As the end of the financial year draws ever closer, it’s important not to forget about any ISAs (Individual Savings Accounts) you have and any remaining payments that you’re allowed to make. The maximum allowance for ISAs for the 2015/16 financial year is £15,240, so it’s important that you invest any funds that you have left to pay into your ISA as close to that amount as possible, as soon as you can.
The amount will reset again on 6th April 2016 whether you have paid in the maximum amount or not – it cannot be carried over to the next year – so make sure you take advantage of your full allowance whilst you can.
The main draw of investing your money into an ISA is, of course, that any money you pay in is exempt from taxation on withdrawal, allowing you to potentially build up interest on invested funds much more readily than in other forms of savings or investments. It’s typically considered a good idea, therefore, to take full advantage of any ISAs you have before 5th April this year, if you are in a position to do so, or you will be missing out on the tax-free savings you’re entitled to.
Special Mention; The Personal Savings Allowance
This next tax year also brings with it the introduction of the Personal Savings Allowance (PSA). The personal savings allowance in 2016/17 will be £1,000 if you are a basic rate taxpayer and £500 if you are a higher rate taxpayer. If you pay tax at 45%, then you will not receive any allowance.
From 6 April 2016 banks and building societies will start paying interest without deduction of tax, thereby saving HMRC a flood of small tax reclaims. National Savings & Investments will do the same, although it does already pay interest gross on some of its products. However, at least for the time being, unit trusts and OEICs that make interest distributions (e.g. corporate bond funds) will still have to withhold basic rate tax.

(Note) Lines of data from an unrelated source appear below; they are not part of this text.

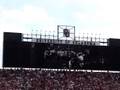 Oklahoma OU Intro Video 2008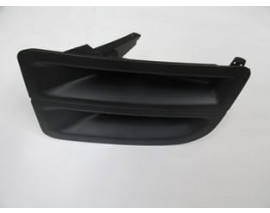 ISUZU D MAX- PICK UP- 12/17; SİS LAMBA KAPAĞI SOL SİS DELİKSİZ (BFN)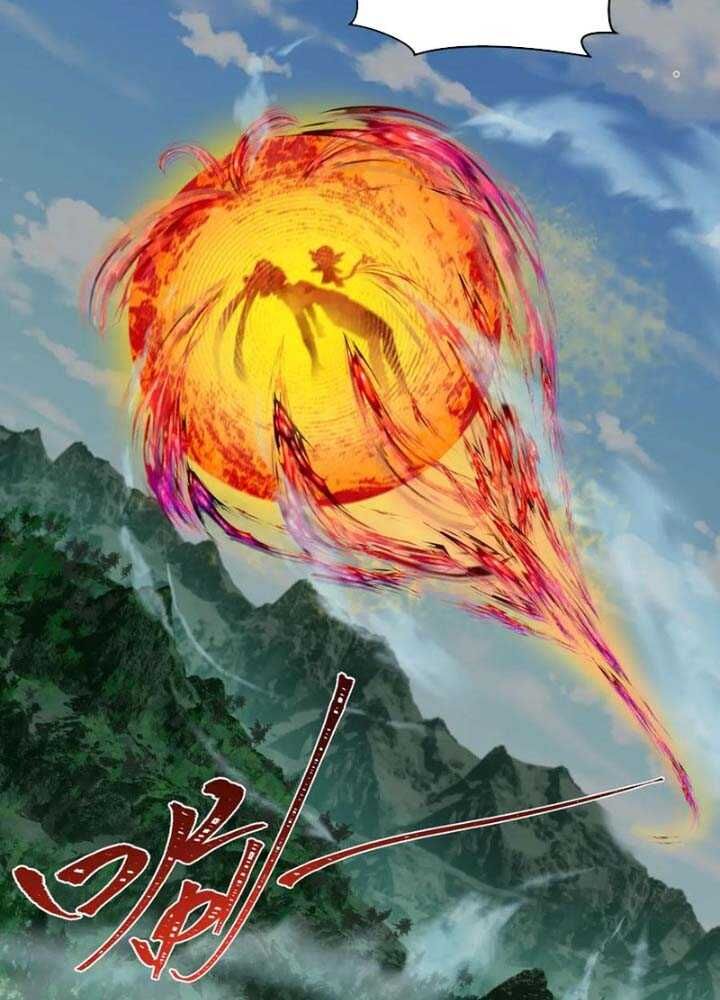 Kỷ Nguyên Kỳ Lạ - Chapter 340 - Page 58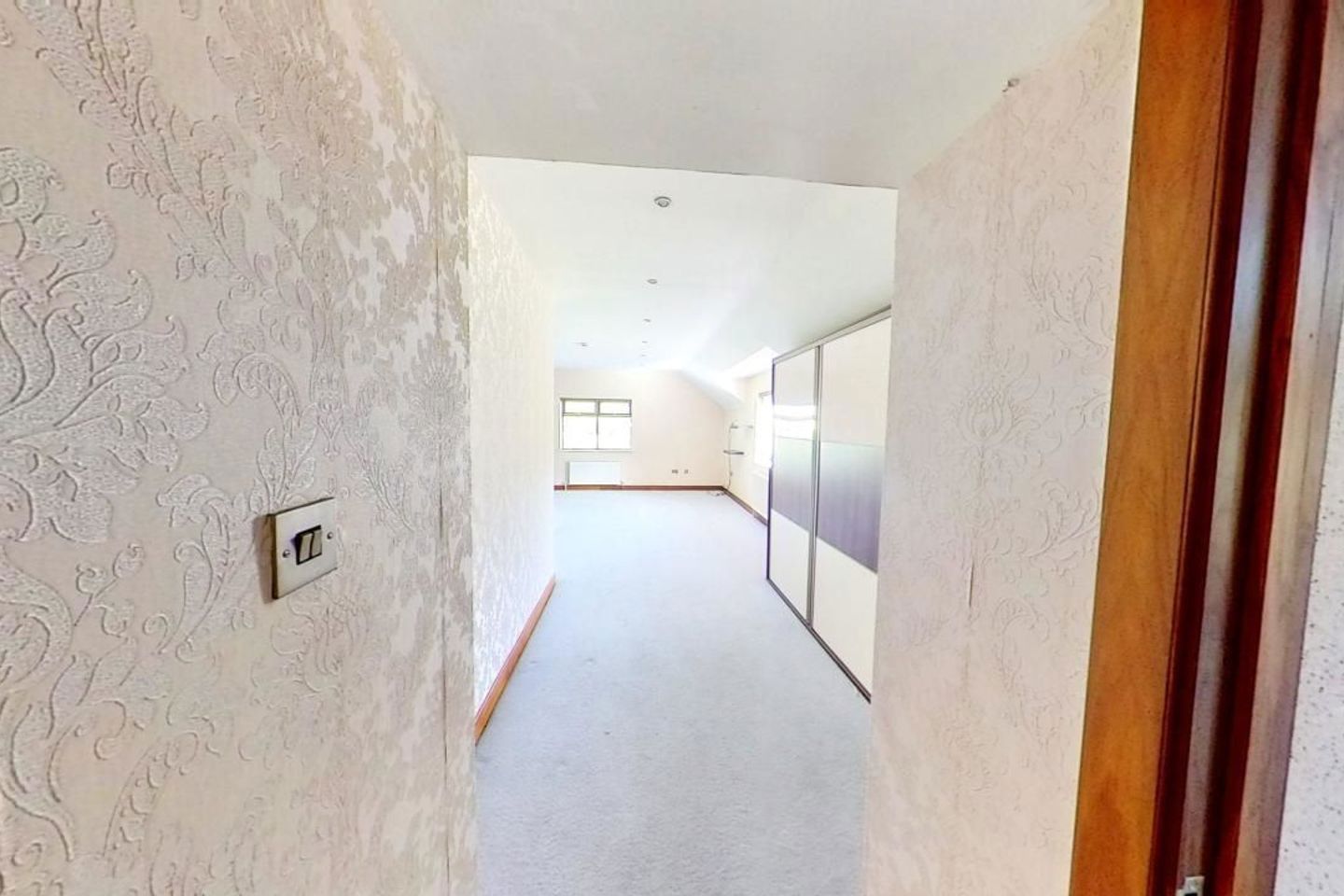10 Coldwater Lakes, Saggart, Co. Dublin, D24A339 9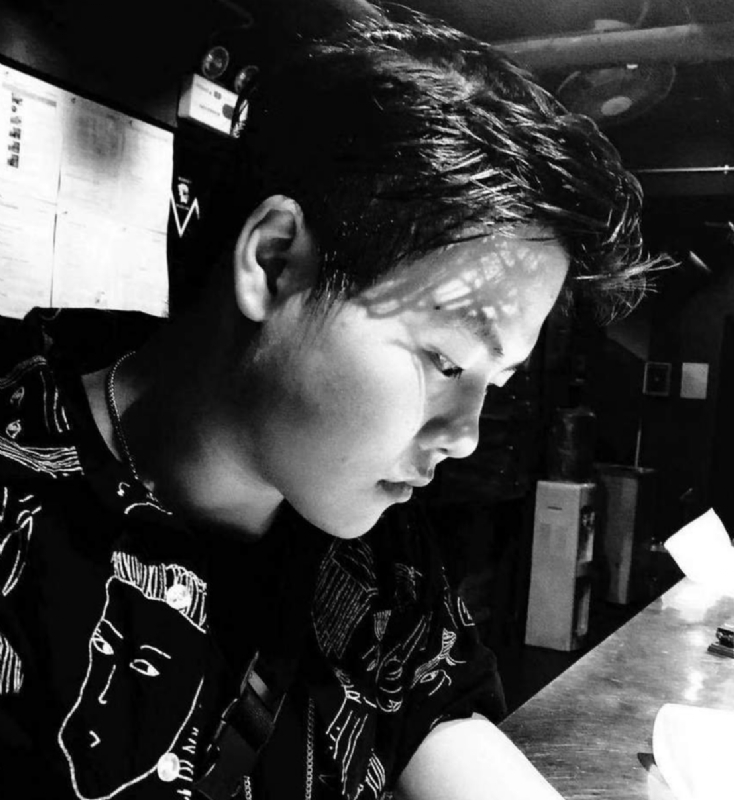 阿涛的第三张照片--开封相亲服务中心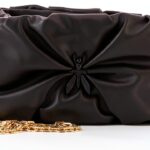 Immagine prodotto precedente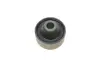 Сайлентблок важеля (переднього/ззаду) Mitsubishi Outlander/Lancer 03-/Citroen C4 (усилен.) BELGUM PARTS BG0813 (фото 4)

This together with the dividend allowance (as explained in our other article) means that as part of your year-end planning you should review your investments to consider who holds what and how they are held. These allowances create some interesting new planning opportunities, not all of which are immediately obvious. For example, with the right mix of dividends and other income in 2016/17 it will be possible to receive an income of £22,000 a year without paying a penny in tax.
Your ISA allowance is separate to the Personal Savings Allowance and you can take advantage of that on top of the new PSA. Particularly for higher rate tax payers, who get a lower allowance, and for additional tax payers who are unaffected by the change, ISAs will remain a key player in the savings game.